Je ne sais si j’ai clairement exprimé ma pensée, si vous avez apprécié les élémens nombreux et positifs sur lesquels s’est formée ma conviction ; j’ai cherché à démontrer dans ce Mémoire :

1° Que le cratère du Cantal n’est pas un cratère de soulèvement, mais un cratère d’éruption ;

2° Qu’on doit distinguer au moins six périodes d’éruption volcanique dont la renaissance de la végétation prouve l’éloignement dans le temps, quoique les produits soient rapprochés dans l’espace ; que ces périodes se sont suivies dans cet ordre : trachytes anciens, dykes trachytiques, trachytes gris-noirs, phonolites, basaltes anciens, basaltes modernes, et que les roches épanchées ne sont que des transformations graduées de l’une à l’autre ;

3° Que postérieurement à la formation du cône volcanique le terrain n’a pas subi de soulèvement général pendant une de ces périodes ; mais qu’il a pendant chacune d’elles subi sur quelques points des dérangemens isolés, indépendans, excentriques, produits par des agens sans simultanéité dans leur action.

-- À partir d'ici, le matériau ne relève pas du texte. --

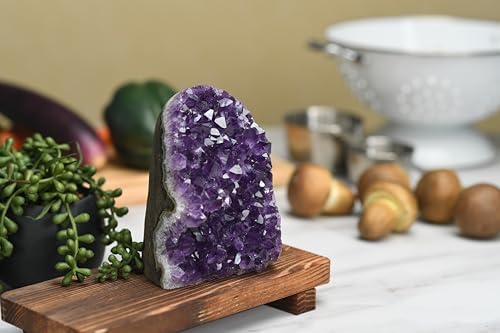 Premium Amethyst Geode Stone Cluster [2.5 to 3 lb.] - Each Piece is Unique & Natural - Real Raw Healing Crystal Rock from Uruguay - Deep Purple Decoration - FREE 3" Selenite Wand
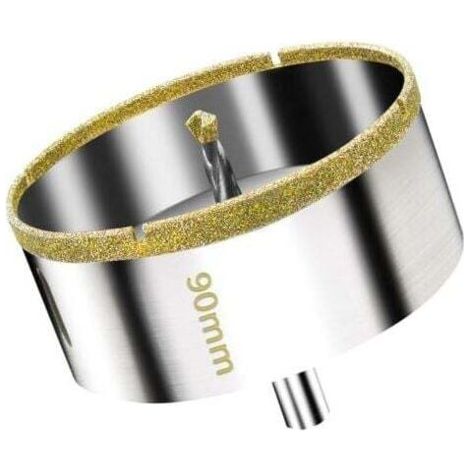 Scie Cloche Diamantée 90 mm avec Foret Guidage de Centrage, Scie Cloche Carrelage avec revêtement diamant, Foret trépan Diamant pour verre, carrelage, céramique, marbre, granit (1/4)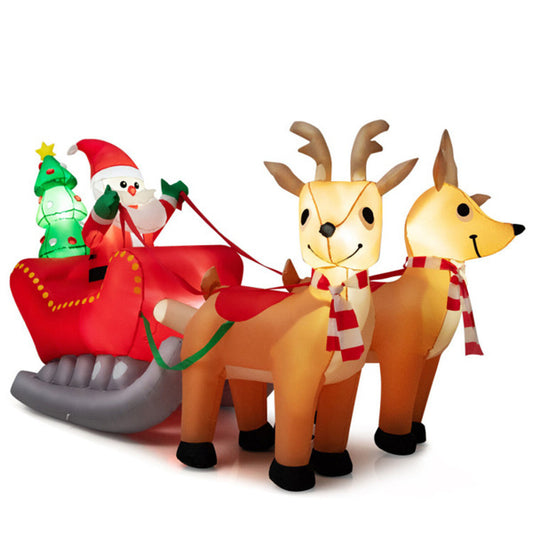 Lighted Inflatable Santa Riding Sled – 7.2FT Christmas Yard Decor
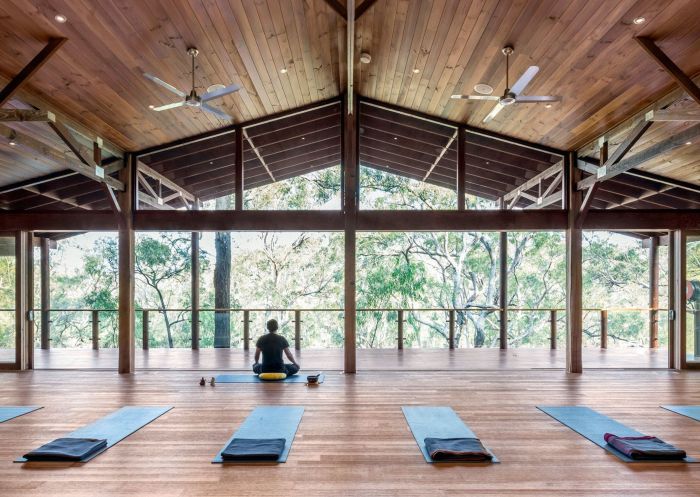 Yoga room with garden views at Billabong Retreat, Maraylya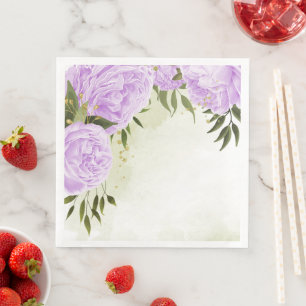 Serviette En Papier Fleurs violettes boho feuilles vertes botanique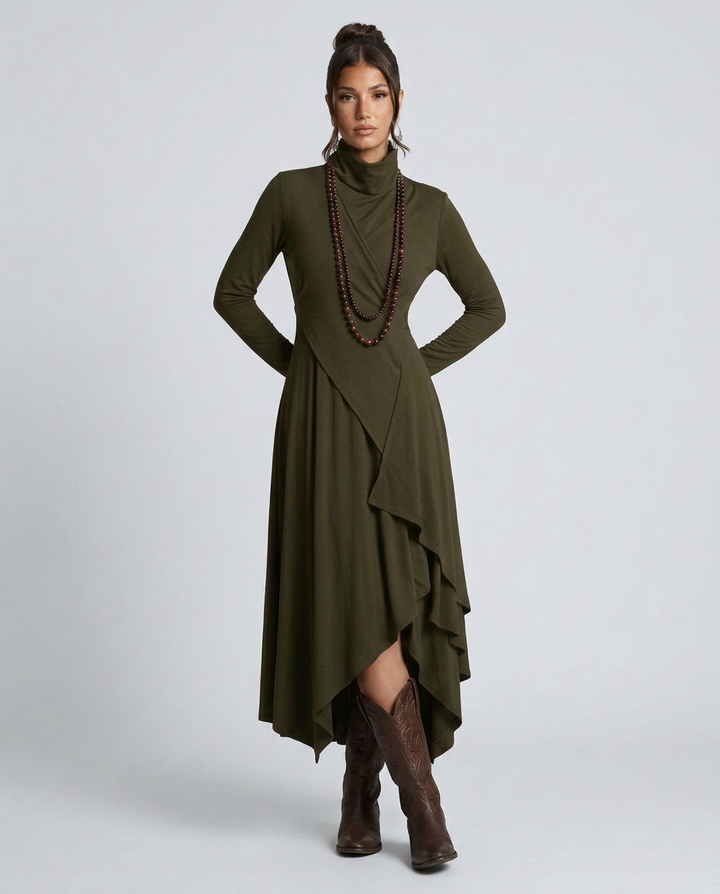 Virgie | Asymmetrical Draped Maxi Dress with Turtleneck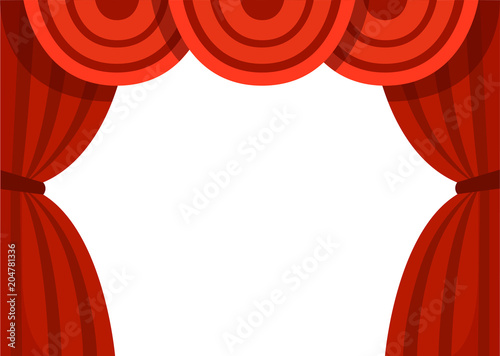 Open red curtains. Classic theater stage. Flat vector illustration isolated on white background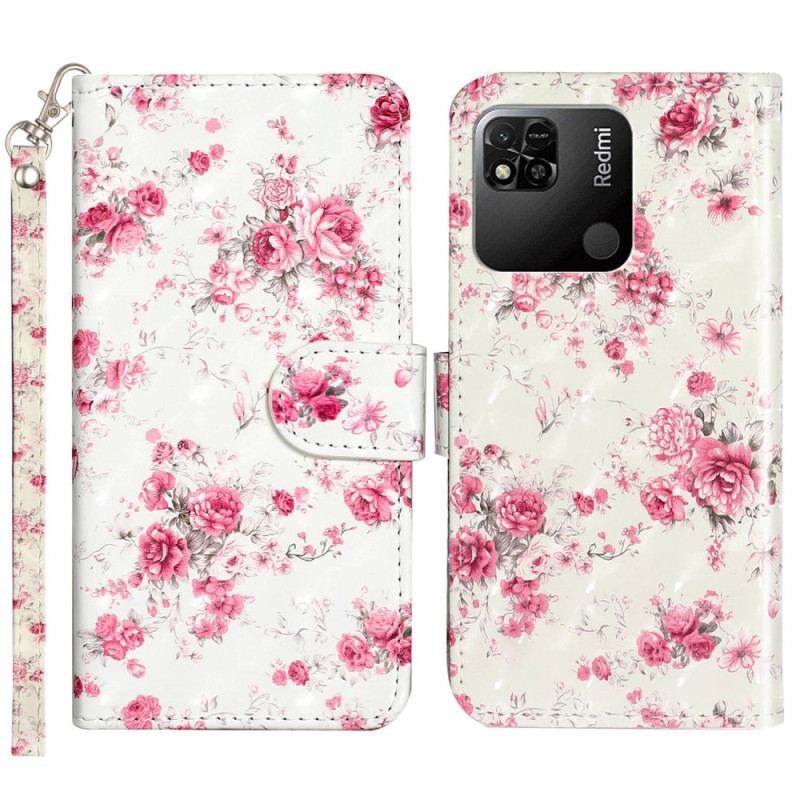 Housse Xiaomi Redmi 10A Fleurs Liberty à Lanière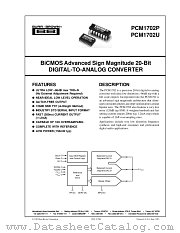PCM1702P datasheet pdf Burr Brown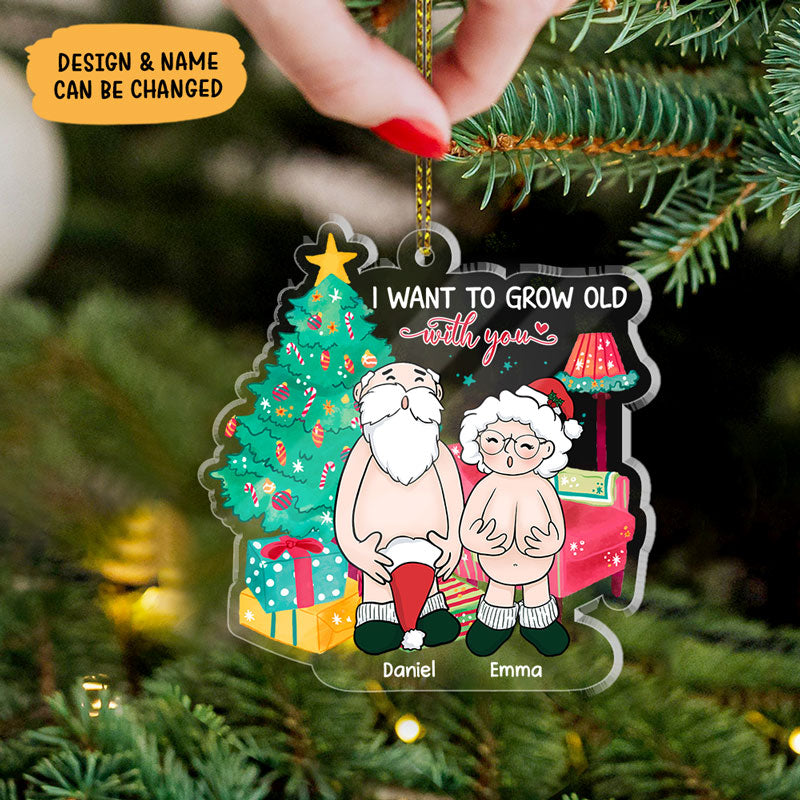 Grow Old With You, Personalized Acrylic Shape Ornament, Gift For Couple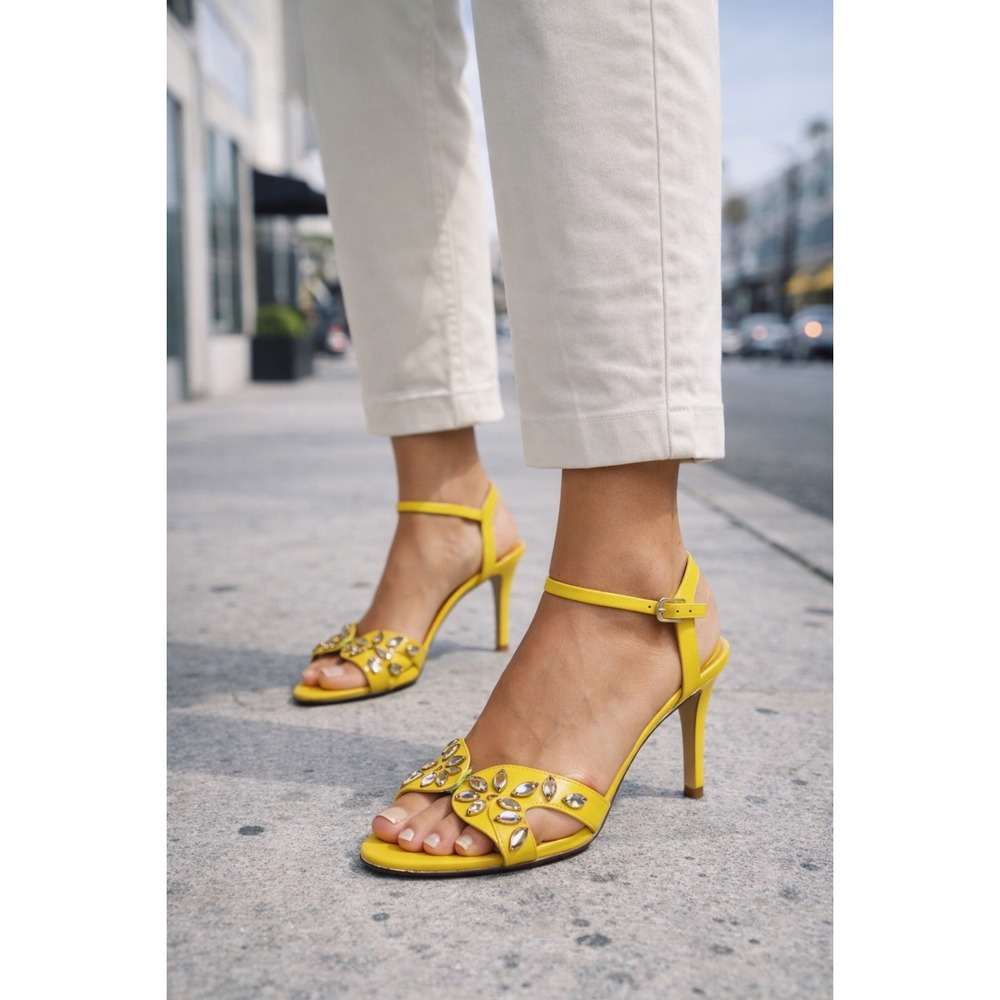 Jimmy Choo Yellow Jeweled Ankle-Strap Heels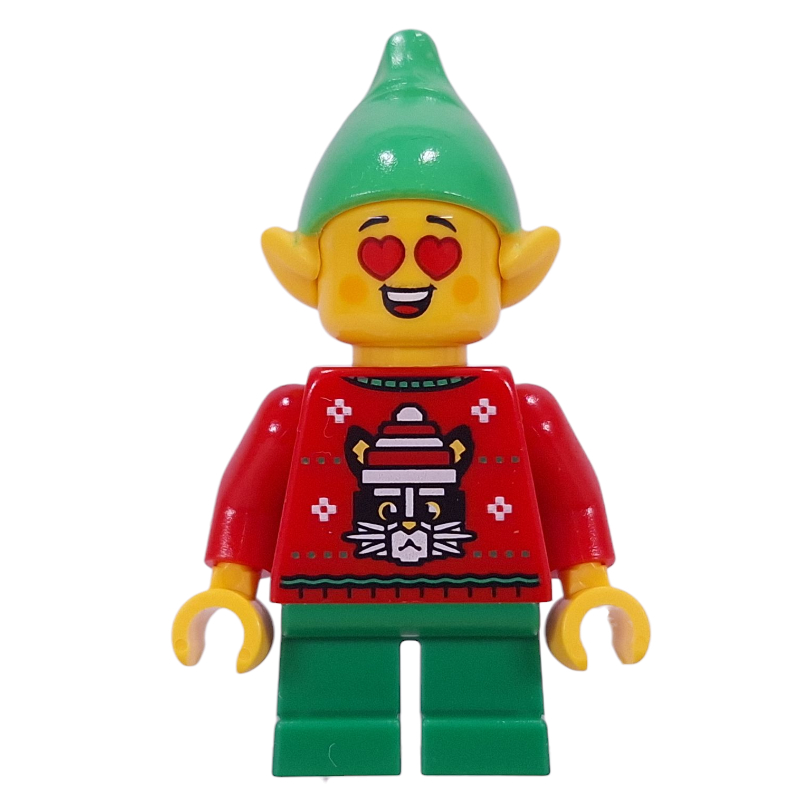 Lego Elf - Red, Green Legs, Bright Green Hat, Hearts for Eyes
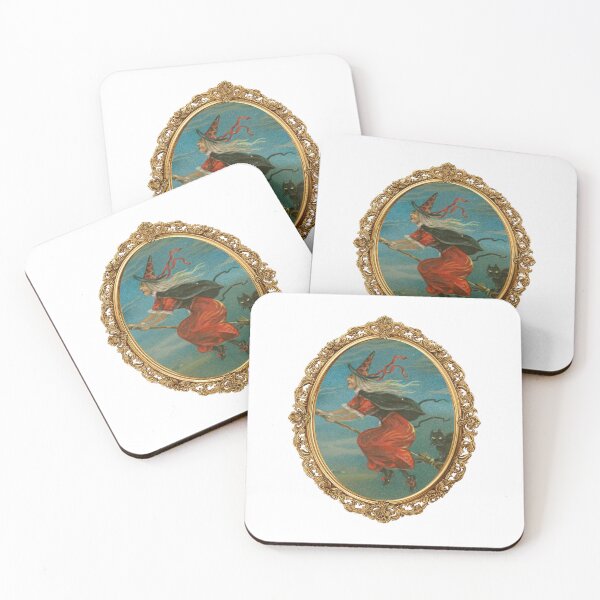 Item preview, Vintage Flying Witch & Black Cat | Antique Halloween Art designed and sold by Department of Curiosity.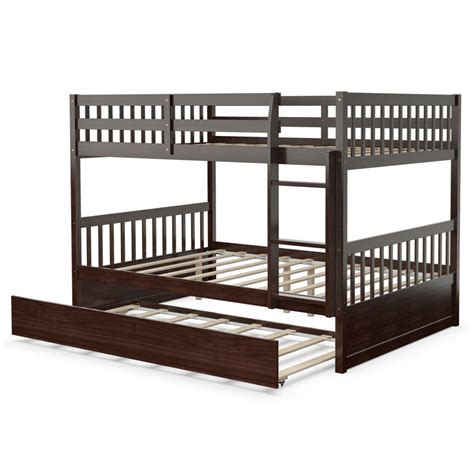 Gymax Full Over Full Bunk Bed Platform Wood Bed W Trundle And Ladder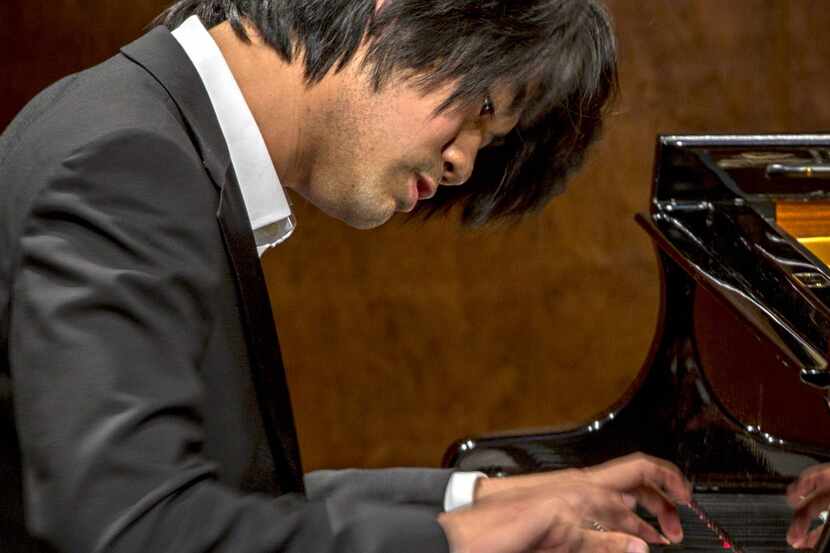 Sean Chen performs during the Piano Texas Distinguished Artist Concert Series on Tuesday at...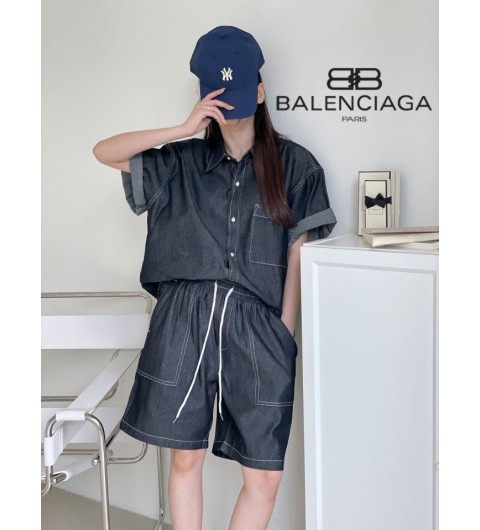 발렌시아가 B 생지 데님 카라 N.B &데님 하프 SET 국내배송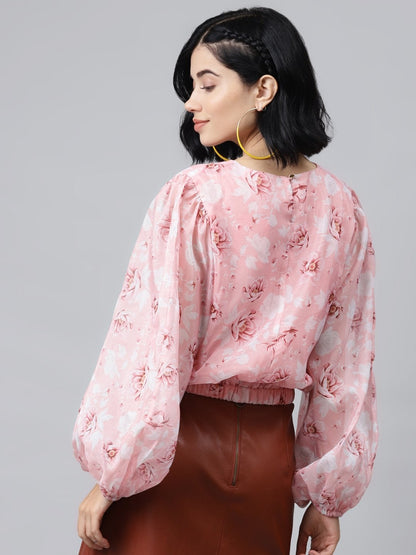 Women's Pink Floral Balloon Sleeve Crop Top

En un mot, j’ai voulu prouver ce qu’on avait depuis long-temps énoncé, et ce qu’on a nié récemment, que le Cantal est tout simplement un volcan éteint.

Mes courses dans les Monts Dore ont été trop rapides, trop incomplètes, trop contrariées par les pluies, pour que j’aie pu les observer avec autant de soin que le Cantal. J’en ai assez vu cependant pour ne pouvoir mettre en doute l’analogie de composition et de formation de ces deux groupes.

Dans la cavité circulaire comprise entre le roc de Cuzeau et le Puy de Sancy, je vois, comme au Cantal, un cratère d’où rayonnent de puissantes coulées. Je vois les bords de ce cratère percés, bouleversés par des éruptions excentriques ; je vois les trois âges des trachytes en coulées, en dykes, en filons ; mais j’observe que cette dernière période a pris dans les Monts Dore beaucoup de développement et d’importance. Aussi les soulèvemens locaux, aussi la dislocation des parois du cratère y sont-ils bien plus marqués.

Les mêmes objections se présentent ici contre la théorie des cratères de soulèvement dans l’existence des vallées extérieures de déchirement sans communication avec le cratère, dans l’absence d’une cause évidente de soulèvement circulaire général ; mais aussi la même position et la même apparence des nappes basaltiques en faveur de cette hypothèse.

On ne peut pas plus, dans le Mont Dore que dans le Cantal, attribuer aux phonolites de grands changemens dans le relief du sol. Si la position des roches Sanadoire, Tuillière et Malviale au foyer d’une dépression parabolique a pu autoriser cette idée, on devra la soumettre à un nouvel examen en apprenant que les phonolites se montrent en plusieurs points autour du lac de Guery, et qu’ils forment à l’est les Puys de Triouleroux et de la Clé du Lac.

Une partie des roches qui entourent cette nappe d’eau, formée par un barrage de basaltes, me paraissent appartenir à l’époque des filons trachytiques. J’ai déjà cité l’opinion de M. Beudant à cet égard.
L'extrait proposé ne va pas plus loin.